Total business investment increased by 8.7% between Q1 2013 and Q1 2014 and by 2.7% between Q4 2013 and Q1 2014. Therefore, it is reassuring that the increased business confidence, as indicated by the various survey data, is feeding through in to the real economy.
Employment rising, but wages stagnated
Despite the strong growth in employment, there still looks to be slack in the labour market, which is translating into low wage growth. April’s numbers show total employment at 72.9%, up from 71.5% in comparison with April 2013; however, wages only increased by 0.7% in comparison with 12 months previously.
There are some one-off taxation reasons why there was a drop in comparison with March’s figure of 1.9% p.a., but overall, it does show that there is not enough pressure being exerted on employers to increase wage settlements.
Interest rates will likely increase soon
One of the most important questions for the property industry is when will the MPC finally increase the base rate. It had been thought that this will not be until 2015, but Mark Carney’s speech at the Mansion House on June 12, has raised the prospect of a rise “sooner than markets currently expect”. The markets therefore, have quickly moved on to price in a rate rise of 0.25% before the end of 2014, which now appears likely given the context and content of the Governor’s speech.

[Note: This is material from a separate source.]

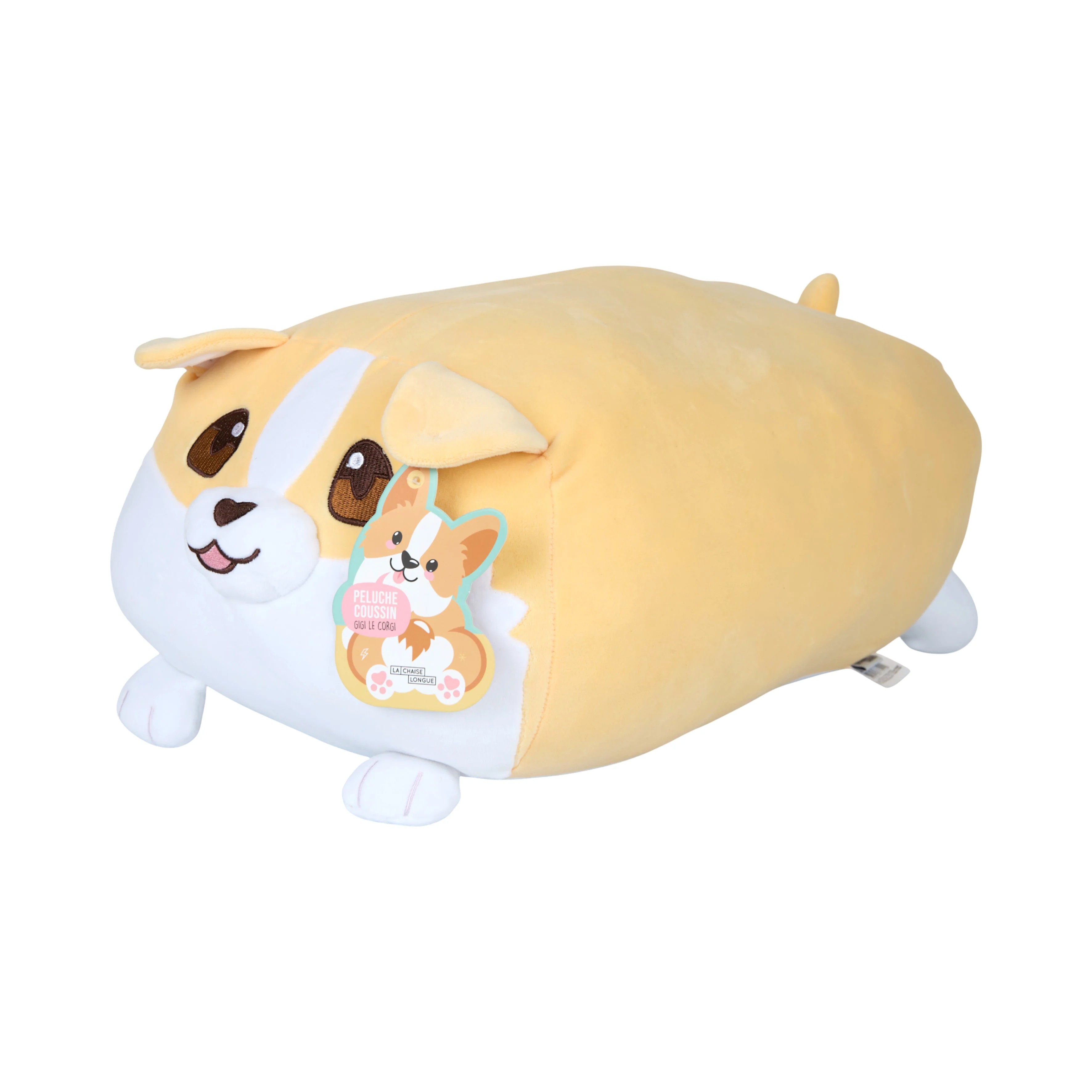 Image du produit 3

Rents increasing in London
In Central London, office rents continue to grow on the back of growing demand for office space from a wide variety of occupiers: office-based employment in London increased by 7% in the 12 months to April and the forecasts show this trend is going to continue.

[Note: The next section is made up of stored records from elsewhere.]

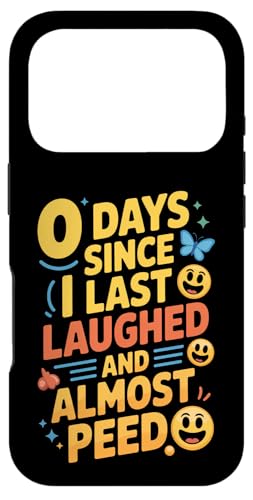 �������Ȃ��Ƃ킴 �قڂ������� �΂� ���[���A ��� �X�}�z�P�[�X iPhone 17 Pro �p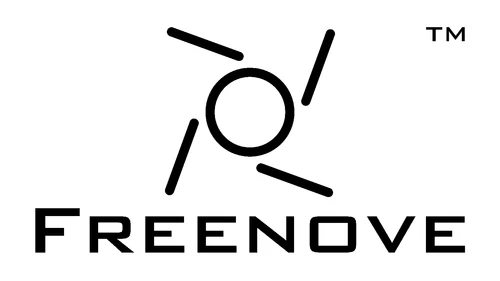 Freenove Official Web Store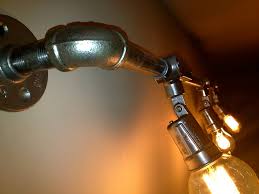 Antique Wall Mounted Track Lighting Strangetowne Wall Mounted Track Lighting Ideas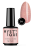 MYSTIQUE   Base MINX   15мл   База камуфлирующая (для педикюра) оптом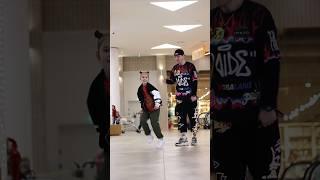 Трек уже здесь https://vk.com/serovskii_music #рекомендации #pop #retro #90s #дети #девчонка #dance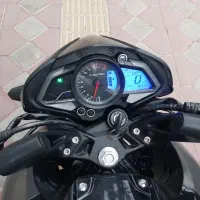 ns ان اس مدل ۹۷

The construction figures show a spike in London office completions in 2014 and of this around 2m sq ft is still available. However, relatively strong levels of occupier demand mean this should not negatively impact on the prospects for rental growth. Completion levels will also drop to something approaching a nine year low in 2015, which also lessens any chance of oversupply.
The momentum in the occupier markets outside Central London continues to build, albeit slowly. The markets in the South East and the best performing cities are showing positive signs and average rents are growing, but this is not true across the board. Whereas in the capital markets, total investment in regional property has increased substantially over the last 12 months.
This is in response to the improvements in the economy, the weight of money chasing property as an asset class and the expense of London; however, there are some worries that the investment market is now running slightly ahead of the occupier market. Weighted average transactional yields in the first six months of 2014 for regional offices are 6.8% and for industrial are 6.7%. This is low on a historical basis and shows investors are having to price in rental growth in order to achieve required returns.